* [Your task]:
What is needed is every line from the one holding "Photo of property" to the last line of the data below, printed exactly and without pictures.

* [Supplied material]:

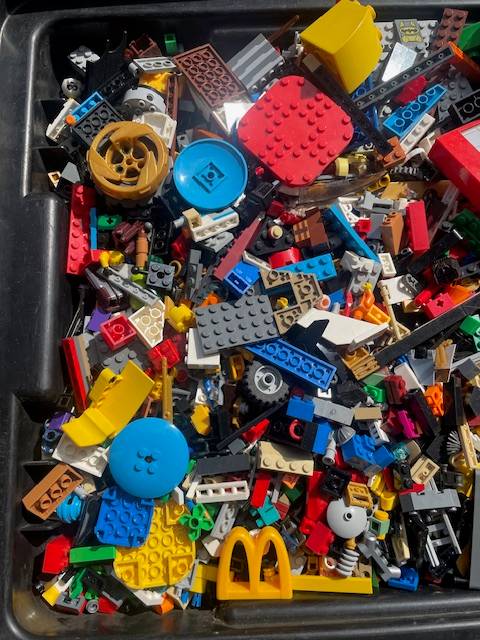 100's of original LEGO pieces - 2 Kilograms worth (LOT 2)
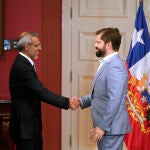 El presidente de Chile, Gabriel Boric (d), recibe al nuevo ministro de Justicia, Luis Cordero, en el palacio de La Moneda,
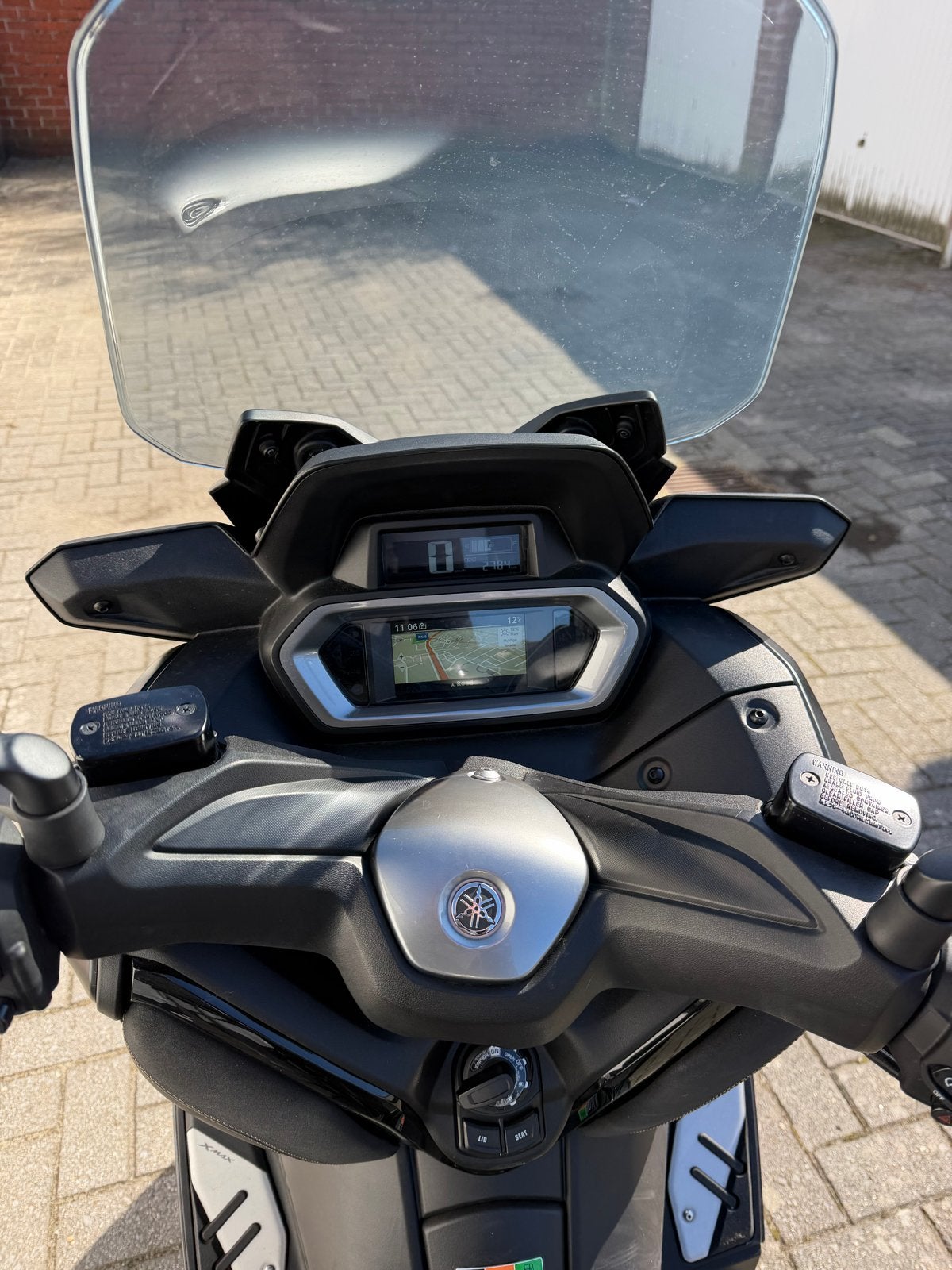 Yamaha XMAX tech max 125cc met Akrapovic uitlaat BELGIE, Scooter, Sportuitlaat, Gebruikt, Particulier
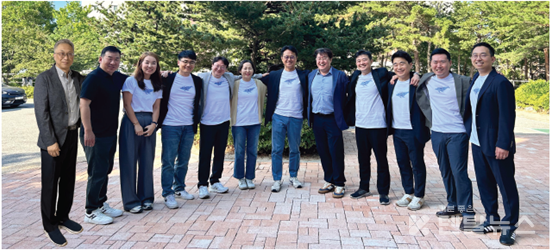 한국치주과학 교수협의회 교과서편찬위원회 위원장과 간사 위원들이  한자리에 모였다. 덴탈뉴스 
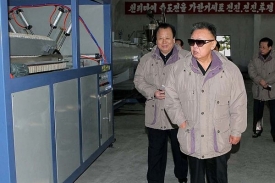 Kim na návštěvě továrny na elektronické součástky.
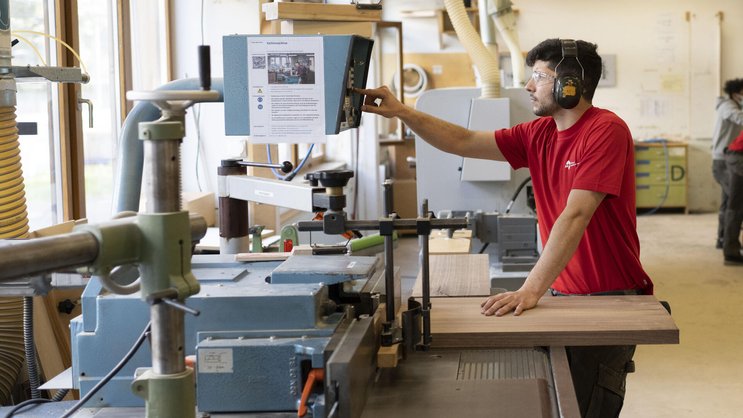 Face au gymnase, l’apprentissage doit se réinventer pour rester attractif.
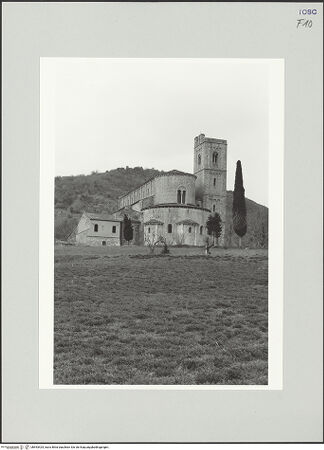 Vorderseite von Rödel [https://www.deutsche-digitale-bibliothek.de/content/lizenzen/rv-ez/] Sant'Antimo - Ansicht von Südosten, bh553424_recto. Foto: Rödel, Volker.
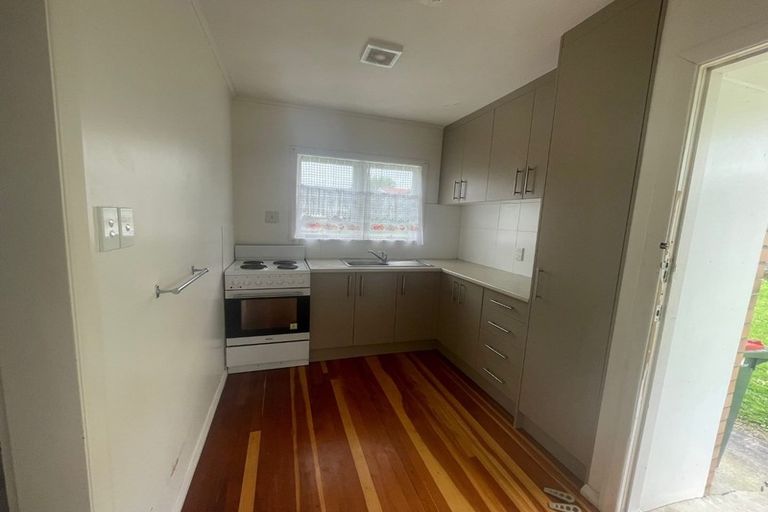 Photo of property in 2/212 Shirley Road, Papatoetoe, Auckland, 2025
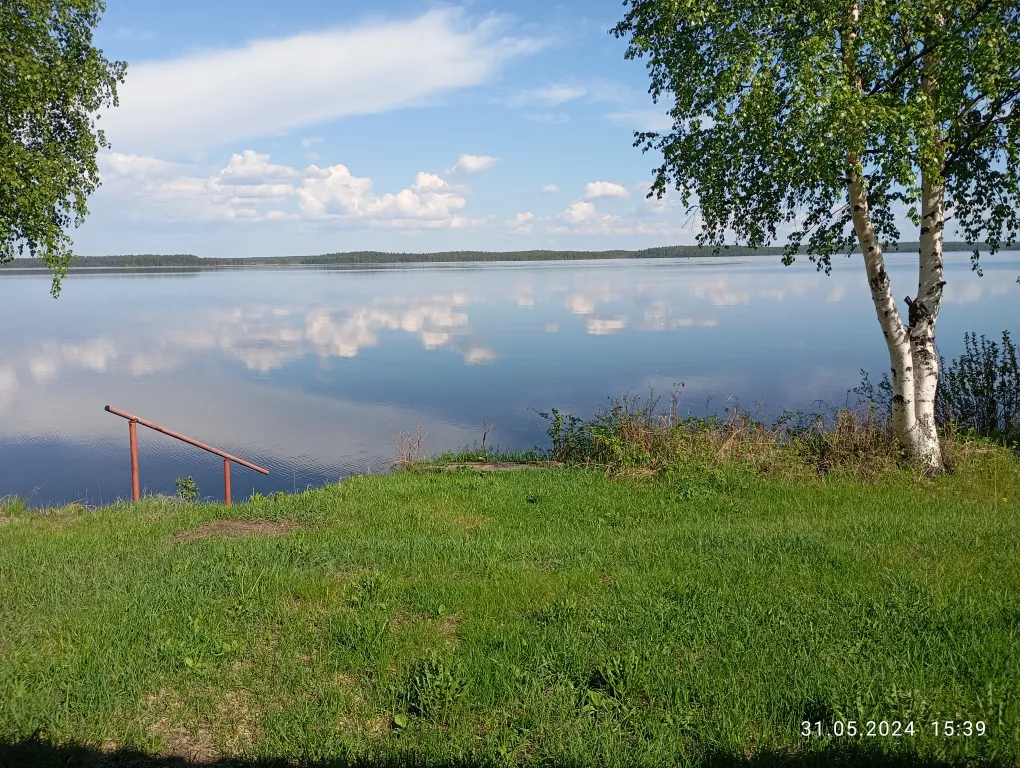 Благоустроенный дом на берегу с баней и катером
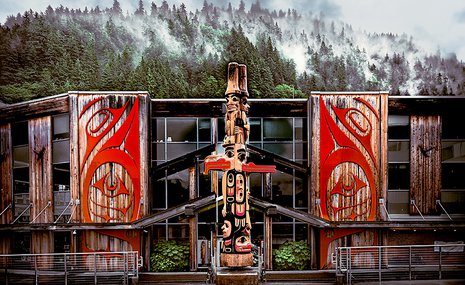 На Аляске активно возрождают искусство коренных народов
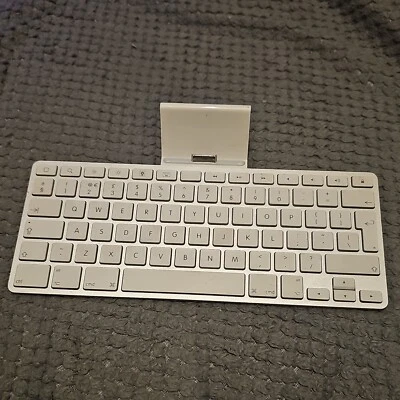 Genuine Apple Ipad Wireless Keyboard A1359 White Compact Home Desktop Computing - Image 1 of 3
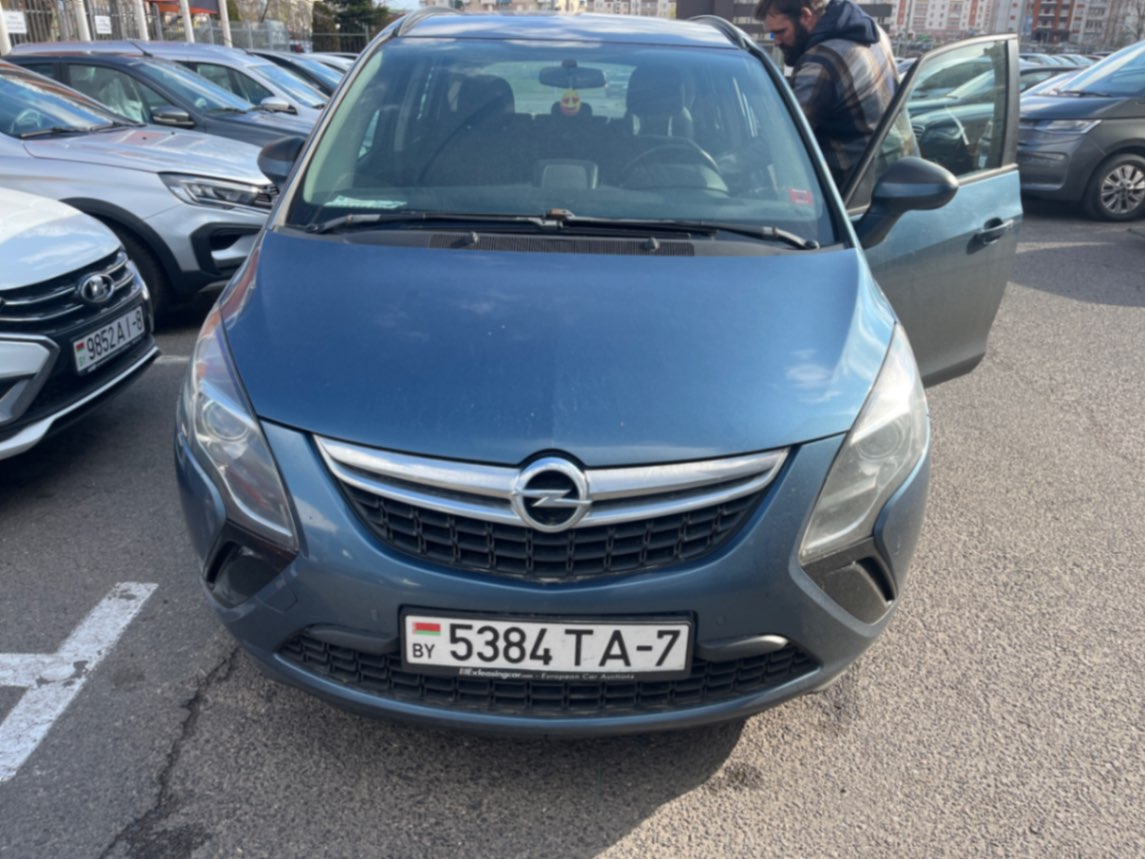  Zafira
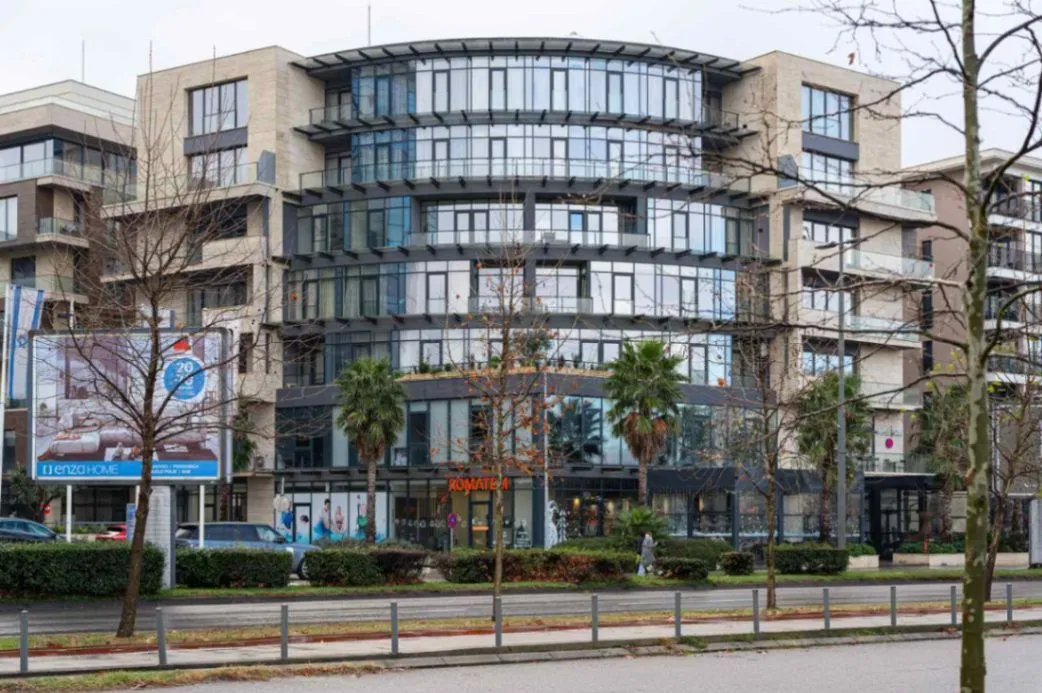 Izdavanje, dvosoban stan, 86m², Kod Capital Plaze, Podgorica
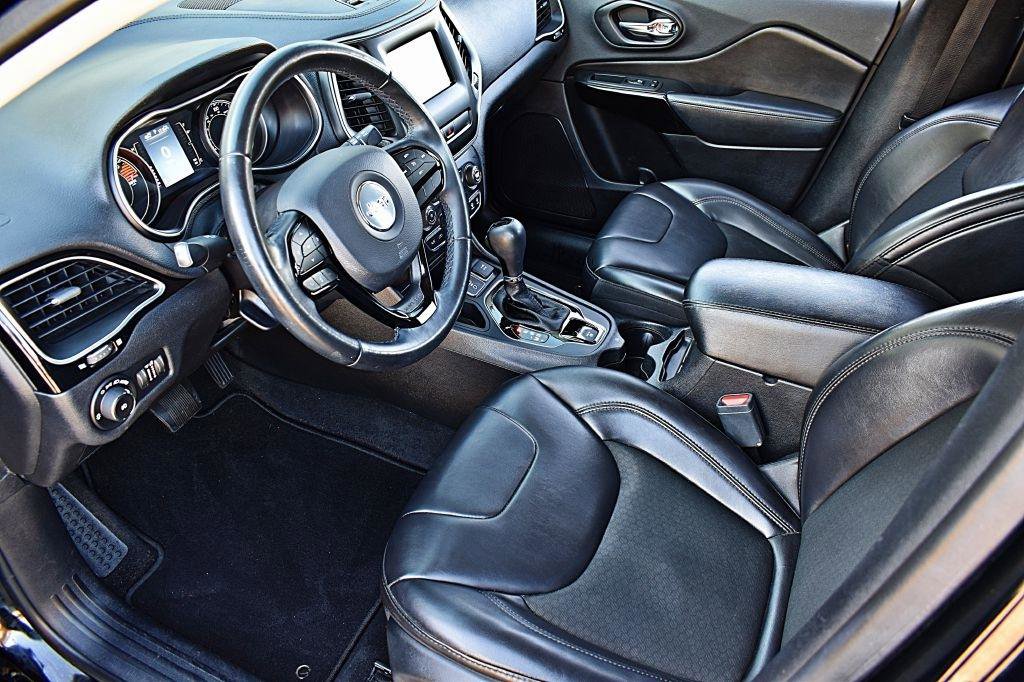 Used 2019 Jeep Cherokee Latitude Plus FWD image 15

* [Written response]:
 Photo of property in 2/212 Shirley Road, Papatoetoe, Auckland, 2025
 Благоустроенный дом на берегу с баней и катером
 На Аляске активно возрождают искусство коренных народов
 Genuine Apple Ipad Wireless Keyboard A1359 White Compact Home Desktop Computing - Image 1 of 3
  Zafira
 Izdavanje, dvosoban stan, 86m², Kod Capital Plaze, Podgorica
 Used 2019 Jeep Cherokee Latitude Plus FWD image 15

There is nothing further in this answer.